**Your assignment**: Everything from the line with "Miniatura 4 de" down to the line with "Personalised Aotearoa and" below must be printed exactly, those two lines included. Exclude pictures.

**Data to use**:

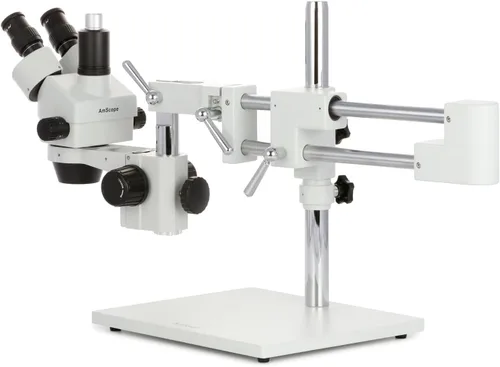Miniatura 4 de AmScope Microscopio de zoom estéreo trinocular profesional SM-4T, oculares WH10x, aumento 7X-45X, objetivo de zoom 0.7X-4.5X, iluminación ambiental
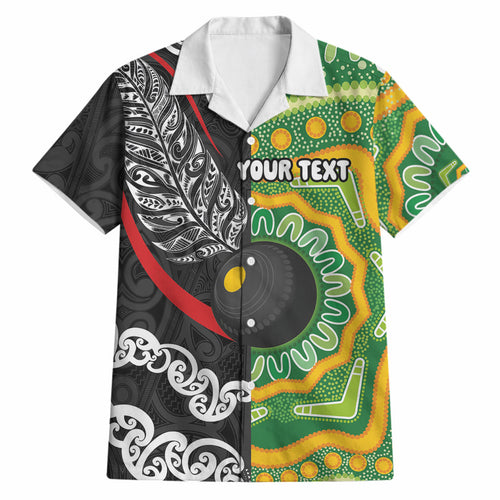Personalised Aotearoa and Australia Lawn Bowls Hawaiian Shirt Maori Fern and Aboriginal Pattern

...

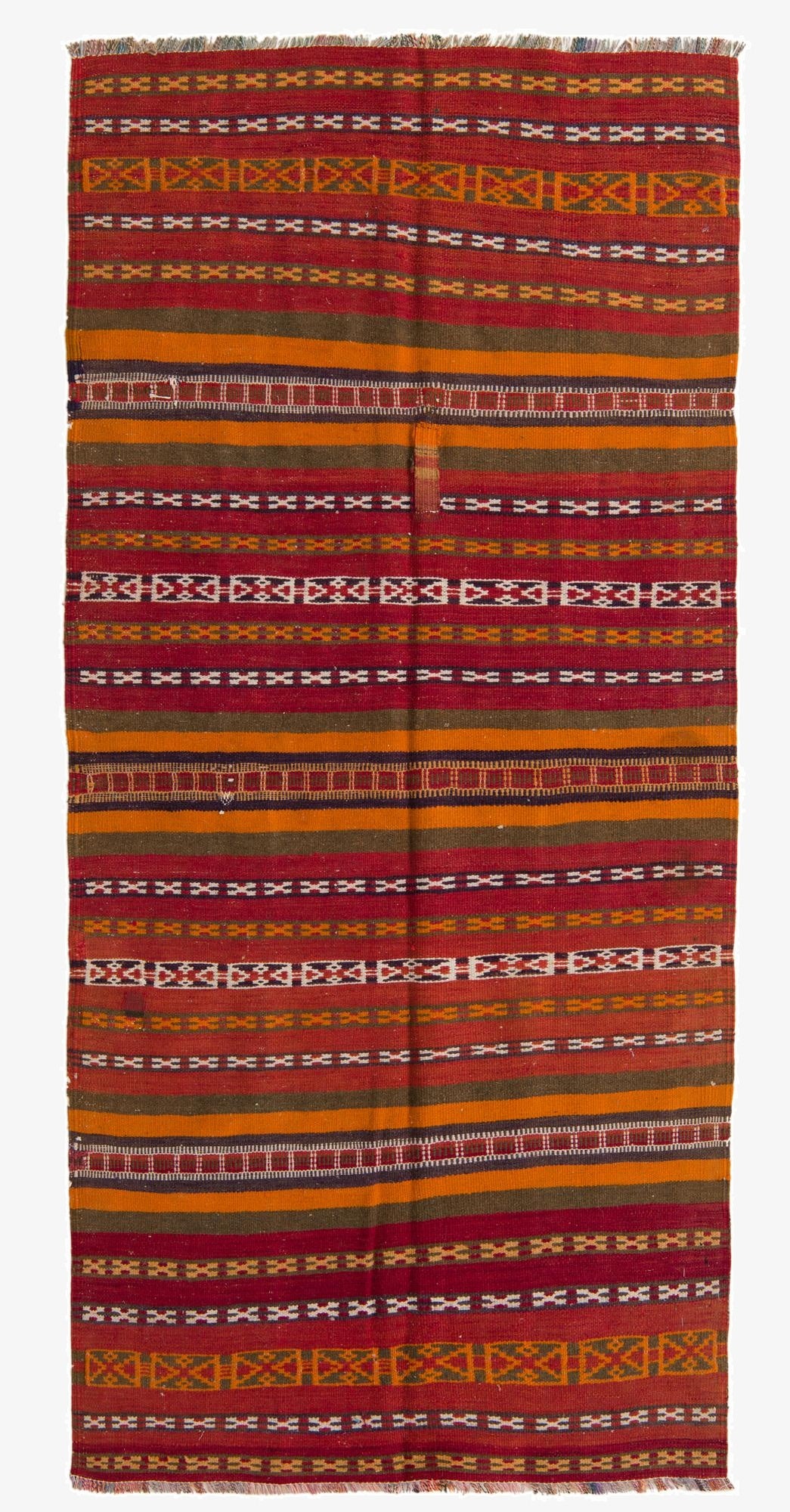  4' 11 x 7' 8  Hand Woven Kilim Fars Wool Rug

---

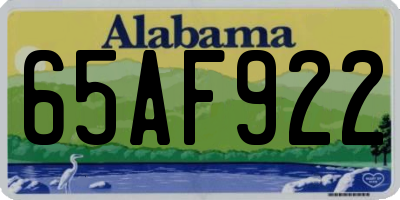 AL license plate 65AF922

**Response area**:
Miniatura 4 de AmScope Microscopio de zoom estéreo trinocular profesional SM-4T, oculares WH10x, aumento 7X-45X, objetivo de zoom 0.7X-4.5X, iluminación ambiental
Personalised Aotearoa and Australia Lawn Bowls Hawaiian Shirt Maori Fern and Aboriginal Pattern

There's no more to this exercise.